UNLV offensive lineman Ron Scoggins, left, leads some blocking around the corner during their first regular season football team practice on Friday, August 7, 2015.

The Rebel Room

Is UNLV football on the rise?

Las Vegas Sun sports reporters Taylor Bern and Case Keefer ask Ray Brewer to explain why he's all in on the Tony Sanchez era for UNLV football, and what that will look like both in year one and down the road.

When UNLV football coach Tony Sanchez gets home from a day at the office, his wife, Tessie, will often ask how practice went. The answer has less to do with Sanchez’s words than the hoarseness of his voice.

“By the way I answer the question, she can tell,” Sanchez said in a coarse, muted tone on Monday after the fourth day of UNLV’s fall camp.

Like everything else on the practice field, Sanchez’s voice is getting in its reps in preparation for the 2015 season a little more than three weeks away. And though it doesn’t necessarily sound like he’s happy, Sanchez likes life a lot better now than he did in the spring.

A big part of that is the deeper roster that’s created more of the battles for playing time that Sanchez wants to harden and improve his players. Defensive line and receiver have been the main positions helped by depth, but senior offensive lineman Ron Scoggins, who's one of four current Rebels to start a game last year on the line, said he’s seen it in his unit, too.

“The guys that have come in new this spring have really brought up the competition,” Scoggins said. “No spot is safe.”

Junior college transfer Will Kreitler, who played one season with quarterback Blake Decker at Scottsdale Community College, came during the spring and has taken control of the center spot. Meanwhile, freshmen Nathan Jacobson (listed at 6-foot-5, 270 pounds) and Alex Neale (6-3, 290) are a couple of guys Sanchez highlighted as candidates to contribute right away.

“We’re trying to find those seven or eight guys you can play with, not just five,” Sanchez said.

One of Sanchez’s top priorities for immediate fixes is UNLV’s offensive line, which played more than a passing role in the Rebels’ league-leading 22 interceptions last season. And one of the guys he’s relying on to do that is one of the few who have seen Sanchez work at multiple levels.

Scoggins had Sanchez for three years at Bishop Gorman High, and the pupil still remembers their first encounter. Scoggins showed up to the weight room in his school-mandated khakis and polo shirt thinking it was a day off and was informed that if he wanted to be on the team he would get to work immediately.

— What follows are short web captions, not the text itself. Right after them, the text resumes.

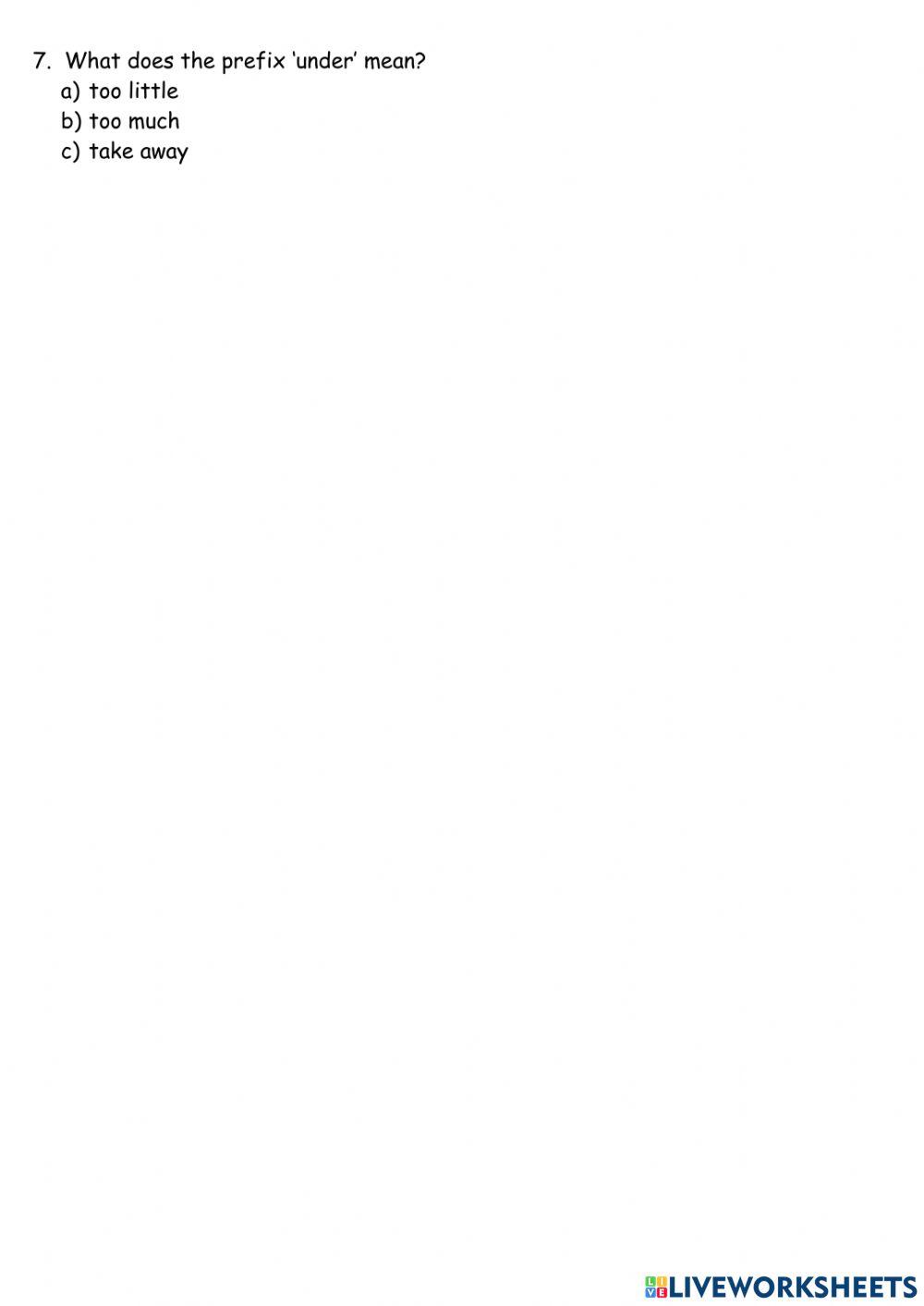 G5 exam prep prefixes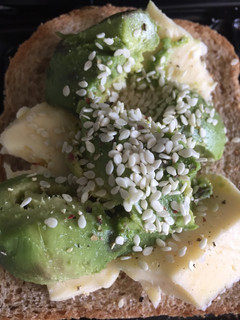 Una foto de Sándwich saludable. El mejor almuerzo, rápido, proteico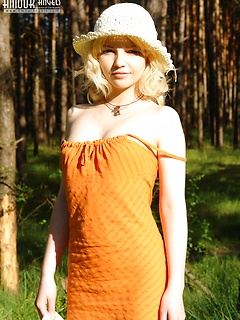 Cute blonde outdoors by Amour Angels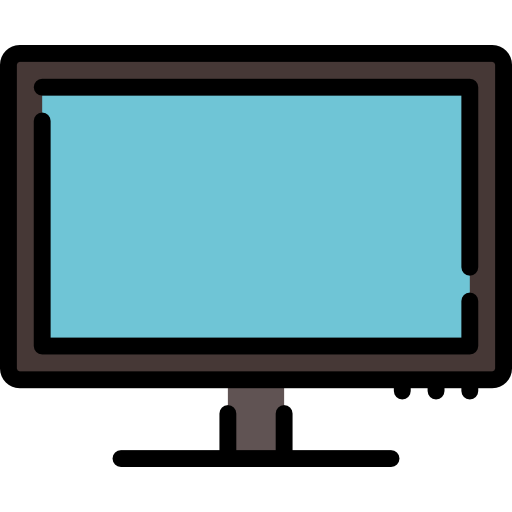 Écran de télévision Special Lineal color Icône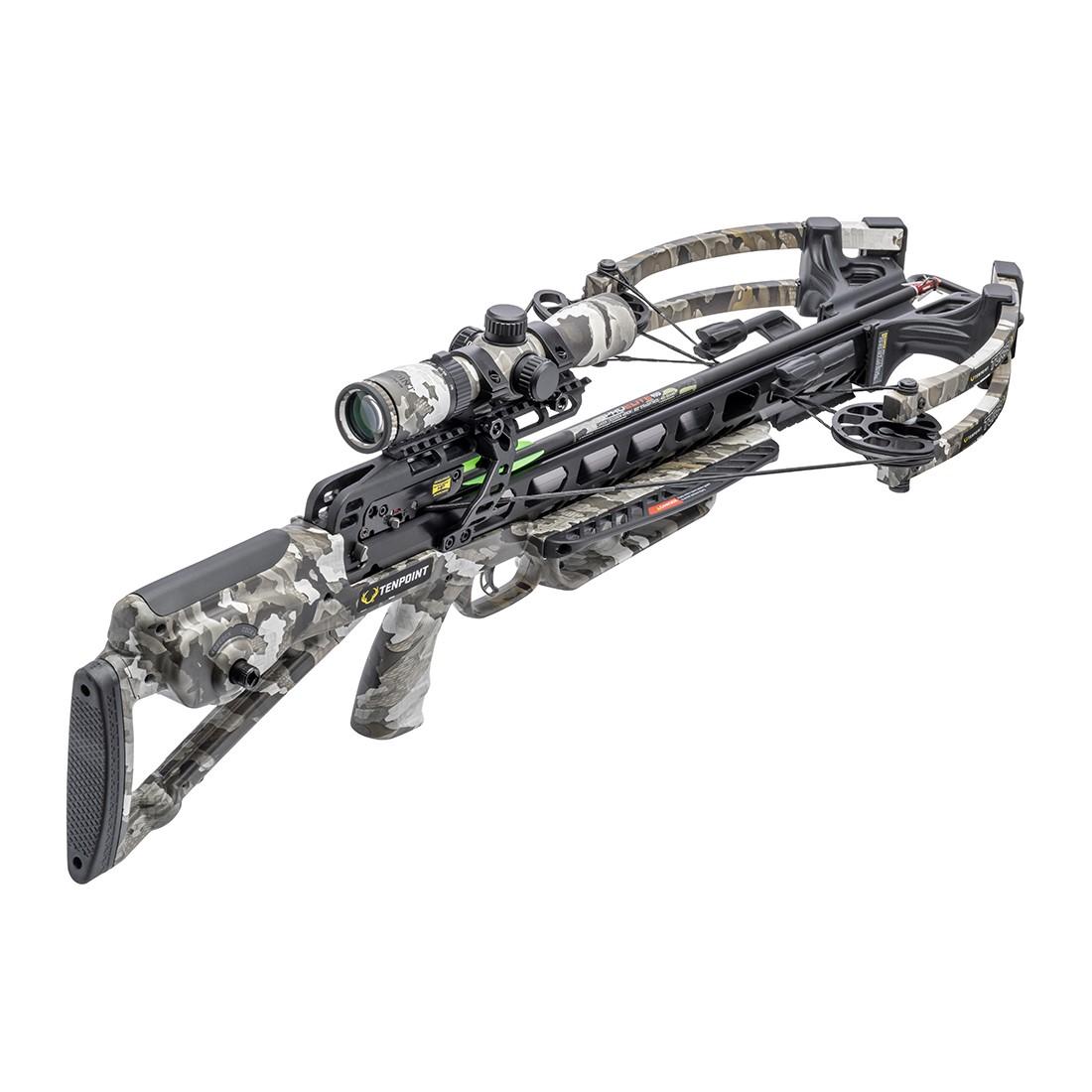 Tenpoint Crossbow Technologies Crossbows Tenpoint Crossbow Technologies Tenpoint Turbo X Crossbow ACUslide RangeMaster 100 Vektra Camo Scope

“I ripped up (the khakis) doing squats and everything, but I knew he was about business and I’ve loved him ever since,” Scoggins said.

Scoggins’ career has been up and down since arriving at UNLV, due mostly to some weight and academic issues. But when he’s been eligible and healthy Scoggins, who’s listed at 6-3 and 345, has always been an asset, and ever since reuniting with his former coach Scoggins has been on the right path for a good finish to his career.

“He was a guy that was ineligible when we got here, he had quit the team (in 2014) and come back and all that, so from the spring he’s done great,” Sanchez said. “… But we’re still fighting to get him back to be that guy he was when he came in as a true freshman and started.”

Scoggins has started 24 games at right or left guard over his career and is currently listed as the top right guard. His least amount of playing time came last season, but whether he was on the field or watching from the sidelines Scoggins could see the issues started with his unit.

“When it’s the offense it starts up front, so that’s really the only answer I have to give you,” Scoggins said. “If we can’t handle it then turnovers will happen.”

Change is a slow process, especially when so much needs to take place. But there will be minor victories throughout this process, areas that advance rapidly with seemingly small tweaks.

The offensive line very well could be one of those areas. Some of the pieces are in place and the opportunity is there if the group continues to follow the regimen Sanchez has followed for his voice.

“It’s like a muscle,” Sanchez said. “It trains.”